I. Bernard Cohen.  _Science and the Founding Fathers:  Science in 
the Political Thought of Jefferson, Franklin, Adams, and Madison_. 
Corrected edition.  New York:  W. W. Norton, 1995, 1997.  368 pp. 
Illustrations, bibliographical references, and index.  $25.00 
(cloth), ISBN 0-393-03501-8; $15.95 (paper), ISBN 0-393-31510-X. 
 
Reviewed for H-Law by Shalom Doron 
<[log in to unmask]>, Brooklyn College/CUNY and R.  B. 
Bernstein <[log in to unmask]>, New York Law School and Brooklyn 
College/CUNY 
 
        Exploring the Age of Experiments in Government 
 
In the past half century, historians and other scholars who study 
the origins of the Constitution and the political achievements of 
the revolutionary generation have spawned a rich interdisciplinary 
literature.  These scholars have shown the influence on those 
achievements of just about every realm of thought--political, 
religious, cultural, ethnographic--except one.  By and large, 
historians, political scientists, and constitutional and legal 
scholars either have overlooked the influences of science on 
Americans' political thought and action in this era, or they have 
contented themselves with superficial and hasty references betraying 
their own lack of knowledge of such matters as Newtonian physics.[1] 
 
For this reason, _Science and the Founding Fathers_ is a 
groundbreaking work on the creation of the American Republic.  I. 

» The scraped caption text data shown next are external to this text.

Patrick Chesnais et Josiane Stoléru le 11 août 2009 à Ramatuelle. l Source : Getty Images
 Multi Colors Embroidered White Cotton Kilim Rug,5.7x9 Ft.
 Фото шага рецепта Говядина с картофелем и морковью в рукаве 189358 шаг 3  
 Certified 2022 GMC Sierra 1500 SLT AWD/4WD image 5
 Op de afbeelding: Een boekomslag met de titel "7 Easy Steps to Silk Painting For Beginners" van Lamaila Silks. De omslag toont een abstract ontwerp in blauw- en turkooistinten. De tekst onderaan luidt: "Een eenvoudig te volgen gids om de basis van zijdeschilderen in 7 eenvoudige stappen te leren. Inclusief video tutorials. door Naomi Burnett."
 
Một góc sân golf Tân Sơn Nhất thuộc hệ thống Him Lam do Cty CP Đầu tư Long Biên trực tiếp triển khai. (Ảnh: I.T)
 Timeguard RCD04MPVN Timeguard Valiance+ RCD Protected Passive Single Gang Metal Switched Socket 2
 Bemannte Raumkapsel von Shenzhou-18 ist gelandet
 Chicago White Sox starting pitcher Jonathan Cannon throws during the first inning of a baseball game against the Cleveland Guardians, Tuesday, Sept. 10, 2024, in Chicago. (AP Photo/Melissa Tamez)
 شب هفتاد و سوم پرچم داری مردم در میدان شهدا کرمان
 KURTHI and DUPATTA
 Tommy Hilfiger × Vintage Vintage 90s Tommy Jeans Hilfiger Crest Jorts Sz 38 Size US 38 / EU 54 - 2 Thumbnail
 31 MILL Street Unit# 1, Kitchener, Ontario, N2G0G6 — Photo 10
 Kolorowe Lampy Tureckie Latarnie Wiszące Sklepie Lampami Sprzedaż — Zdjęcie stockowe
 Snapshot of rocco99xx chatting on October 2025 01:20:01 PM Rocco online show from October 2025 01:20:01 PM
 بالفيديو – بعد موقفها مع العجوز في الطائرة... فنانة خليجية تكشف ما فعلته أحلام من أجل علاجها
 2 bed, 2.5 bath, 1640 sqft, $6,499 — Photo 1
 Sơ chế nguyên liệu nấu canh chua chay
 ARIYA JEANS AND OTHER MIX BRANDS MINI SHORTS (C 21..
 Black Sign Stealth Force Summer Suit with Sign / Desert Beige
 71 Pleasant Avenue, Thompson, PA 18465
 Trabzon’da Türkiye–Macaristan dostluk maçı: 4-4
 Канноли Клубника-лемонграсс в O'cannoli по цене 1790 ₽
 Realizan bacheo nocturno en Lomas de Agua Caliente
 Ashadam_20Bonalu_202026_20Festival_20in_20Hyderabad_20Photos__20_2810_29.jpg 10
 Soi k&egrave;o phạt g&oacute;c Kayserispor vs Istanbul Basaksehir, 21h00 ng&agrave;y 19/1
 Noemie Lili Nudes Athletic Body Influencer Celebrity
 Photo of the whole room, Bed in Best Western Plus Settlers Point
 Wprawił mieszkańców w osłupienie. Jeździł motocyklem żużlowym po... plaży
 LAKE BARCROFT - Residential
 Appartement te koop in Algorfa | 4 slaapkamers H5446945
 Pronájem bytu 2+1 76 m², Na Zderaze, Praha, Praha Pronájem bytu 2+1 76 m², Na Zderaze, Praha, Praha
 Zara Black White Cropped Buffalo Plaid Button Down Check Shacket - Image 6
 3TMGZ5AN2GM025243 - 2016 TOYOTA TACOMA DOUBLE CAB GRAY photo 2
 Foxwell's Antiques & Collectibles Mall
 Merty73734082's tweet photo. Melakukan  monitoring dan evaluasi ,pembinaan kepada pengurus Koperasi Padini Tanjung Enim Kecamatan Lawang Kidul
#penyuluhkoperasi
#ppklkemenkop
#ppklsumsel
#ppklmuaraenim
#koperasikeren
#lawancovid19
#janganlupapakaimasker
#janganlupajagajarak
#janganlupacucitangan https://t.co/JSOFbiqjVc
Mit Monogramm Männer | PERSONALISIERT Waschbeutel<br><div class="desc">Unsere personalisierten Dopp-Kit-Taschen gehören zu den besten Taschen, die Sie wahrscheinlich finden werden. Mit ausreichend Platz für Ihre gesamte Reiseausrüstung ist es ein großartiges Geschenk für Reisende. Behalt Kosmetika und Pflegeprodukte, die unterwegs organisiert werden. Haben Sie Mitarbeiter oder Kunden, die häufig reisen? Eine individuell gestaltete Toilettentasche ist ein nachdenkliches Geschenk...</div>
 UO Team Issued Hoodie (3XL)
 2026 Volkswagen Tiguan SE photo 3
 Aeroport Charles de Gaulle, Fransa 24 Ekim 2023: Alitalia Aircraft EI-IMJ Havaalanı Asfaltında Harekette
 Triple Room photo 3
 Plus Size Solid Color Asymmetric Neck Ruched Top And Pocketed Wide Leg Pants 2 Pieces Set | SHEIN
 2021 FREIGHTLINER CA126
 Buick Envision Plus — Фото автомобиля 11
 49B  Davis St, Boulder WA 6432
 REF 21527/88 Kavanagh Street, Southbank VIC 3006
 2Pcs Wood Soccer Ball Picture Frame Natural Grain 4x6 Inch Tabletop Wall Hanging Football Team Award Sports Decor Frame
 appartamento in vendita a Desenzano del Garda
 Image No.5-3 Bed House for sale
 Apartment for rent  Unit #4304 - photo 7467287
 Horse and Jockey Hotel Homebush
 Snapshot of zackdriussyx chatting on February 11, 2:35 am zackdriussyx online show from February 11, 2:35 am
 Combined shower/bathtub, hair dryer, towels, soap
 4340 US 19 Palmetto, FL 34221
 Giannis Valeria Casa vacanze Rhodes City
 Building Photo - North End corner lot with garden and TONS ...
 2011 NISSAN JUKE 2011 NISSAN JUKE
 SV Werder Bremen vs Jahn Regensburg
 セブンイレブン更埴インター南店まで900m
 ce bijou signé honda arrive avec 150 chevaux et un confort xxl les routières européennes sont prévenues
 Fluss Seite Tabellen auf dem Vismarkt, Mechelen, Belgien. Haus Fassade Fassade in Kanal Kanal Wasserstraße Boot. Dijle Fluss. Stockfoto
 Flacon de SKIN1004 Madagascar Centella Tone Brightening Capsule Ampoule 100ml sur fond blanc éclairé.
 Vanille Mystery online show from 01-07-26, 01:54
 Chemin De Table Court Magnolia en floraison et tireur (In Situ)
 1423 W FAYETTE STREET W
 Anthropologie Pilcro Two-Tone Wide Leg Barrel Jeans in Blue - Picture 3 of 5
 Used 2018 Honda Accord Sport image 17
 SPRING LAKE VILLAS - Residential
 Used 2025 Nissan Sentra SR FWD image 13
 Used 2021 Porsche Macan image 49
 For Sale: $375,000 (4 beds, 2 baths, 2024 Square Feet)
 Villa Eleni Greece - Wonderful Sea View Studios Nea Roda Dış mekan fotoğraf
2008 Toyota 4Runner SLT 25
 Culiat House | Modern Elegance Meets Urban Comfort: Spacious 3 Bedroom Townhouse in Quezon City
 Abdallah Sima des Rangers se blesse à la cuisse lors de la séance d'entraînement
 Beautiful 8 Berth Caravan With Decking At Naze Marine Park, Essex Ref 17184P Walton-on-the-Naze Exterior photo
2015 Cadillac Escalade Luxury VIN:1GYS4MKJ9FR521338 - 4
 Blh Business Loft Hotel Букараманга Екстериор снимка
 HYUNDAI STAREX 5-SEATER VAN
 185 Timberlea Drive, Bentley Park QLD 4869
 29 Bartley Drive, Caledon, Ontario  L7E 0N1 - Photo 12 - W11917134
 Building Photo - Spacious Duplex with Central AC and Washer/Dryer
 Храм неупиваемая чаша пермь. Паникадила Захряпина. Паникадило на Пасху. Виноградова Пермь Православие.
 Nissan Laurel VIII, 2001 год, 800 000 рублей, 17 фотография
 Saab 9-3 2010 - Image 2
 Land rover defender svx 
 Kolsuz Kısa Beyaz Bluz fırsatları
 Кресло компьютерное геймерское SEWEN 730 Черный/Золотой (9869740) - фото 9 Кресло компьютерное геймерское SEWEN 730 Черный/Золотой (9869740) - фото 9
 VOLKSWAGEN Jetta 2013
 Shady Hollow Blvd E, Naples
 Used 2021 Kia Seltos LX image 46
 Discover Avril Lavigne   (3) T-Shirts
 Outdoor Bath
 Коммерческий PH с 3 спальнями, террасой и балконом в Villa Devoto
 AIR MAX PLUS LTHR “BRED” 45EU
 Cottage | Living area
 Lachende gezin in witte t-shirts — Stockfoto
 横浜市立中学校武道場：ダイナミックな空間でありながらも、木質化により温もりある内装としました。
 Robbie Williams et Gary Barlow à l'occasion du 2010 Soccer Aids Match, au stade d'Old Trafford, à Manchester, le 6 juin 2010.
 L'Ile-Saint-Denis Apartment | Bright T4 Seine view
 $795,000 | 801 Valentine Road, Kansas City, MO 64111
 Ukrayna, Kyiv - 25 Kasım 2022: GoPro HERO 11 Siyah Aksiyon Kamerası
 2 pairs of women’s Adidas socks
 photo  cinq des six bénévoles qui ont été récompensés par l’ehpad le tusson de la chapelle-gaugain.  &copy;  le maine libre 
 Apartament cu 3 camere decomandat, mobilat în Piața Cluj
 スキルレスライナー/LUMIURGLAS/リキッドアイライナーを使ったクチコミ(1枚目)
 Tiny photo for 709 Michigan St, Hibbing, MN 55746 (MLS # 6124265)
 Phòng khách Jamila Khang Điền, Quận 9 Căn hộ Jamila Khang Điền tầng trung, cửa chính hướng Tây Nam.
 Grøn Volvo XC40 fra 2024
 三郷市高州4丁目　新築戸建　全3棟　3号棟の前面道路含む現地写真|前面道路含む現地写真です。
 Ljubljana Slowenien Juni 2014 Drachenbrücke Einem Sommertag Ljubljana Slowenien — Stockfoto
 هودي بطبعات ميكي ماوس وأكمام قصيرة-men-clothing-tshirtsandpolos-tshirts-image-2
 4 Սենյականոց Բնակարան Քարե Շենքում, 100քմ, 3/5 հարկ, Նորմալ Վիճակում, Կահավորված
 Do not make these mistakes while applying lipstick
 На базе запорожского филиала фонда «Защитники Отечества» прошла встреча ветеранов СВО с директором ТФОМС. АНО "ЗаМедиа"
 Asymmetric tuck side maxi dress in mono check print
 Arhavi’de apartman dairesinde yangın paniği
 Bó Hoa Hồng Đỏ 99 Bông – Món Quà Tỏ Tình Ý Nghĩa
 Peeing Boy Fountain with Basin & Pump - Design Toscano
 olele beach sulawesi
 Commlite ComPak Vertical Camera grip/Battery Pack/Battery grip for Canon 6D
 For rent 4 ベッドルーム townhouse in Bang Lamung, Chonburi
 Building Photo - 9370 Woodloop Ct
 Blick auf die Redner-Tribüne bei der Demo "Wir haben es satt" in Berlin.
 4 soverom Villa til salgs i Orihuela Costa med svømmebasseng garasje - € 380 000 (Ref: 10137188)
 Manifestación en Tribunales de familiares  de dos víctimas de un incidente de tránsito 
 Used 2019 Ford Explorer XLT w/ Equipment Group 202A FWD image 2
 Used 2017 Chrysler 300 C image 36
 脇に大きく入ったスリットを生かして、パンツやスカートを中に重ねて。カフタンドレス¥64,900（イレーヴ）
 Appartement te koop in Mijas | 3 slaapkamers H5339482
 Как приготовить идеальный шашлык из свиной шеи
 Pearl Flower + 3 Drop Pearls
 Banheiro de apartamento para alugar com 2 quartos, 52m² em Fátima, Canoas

Bernard Cohen, now the Victor S. Thomas Professor Emeritus of the 
History of Science at Harvard University, helped launch the history 
of science as an academic discipline; the first recipient of an 
American university's Ph.D. degree in the field, he has done 
pioneering work on such subjects as Newton's _Principia_ and 
Benjamin Franklin's science.[2] In the book under review, Cohen 
investigates the role of science in the "age of experiments in 
government,"  seeking to correct what he sees as a gross oversight 
by scholars of American political, legal, and constitutional 
history. Written in simple, engaging prose, _Science and the 
Founding Fathers_ deserves praise as a book that explains, for those 
with little or no scientific background, complex scientific ideas 
and their connections to the political thought of the Founding 
Fathers. 
 
Cohen argues "that scientific issues were related to the political 
thought and also the political action of our Founding Fathers" (p. 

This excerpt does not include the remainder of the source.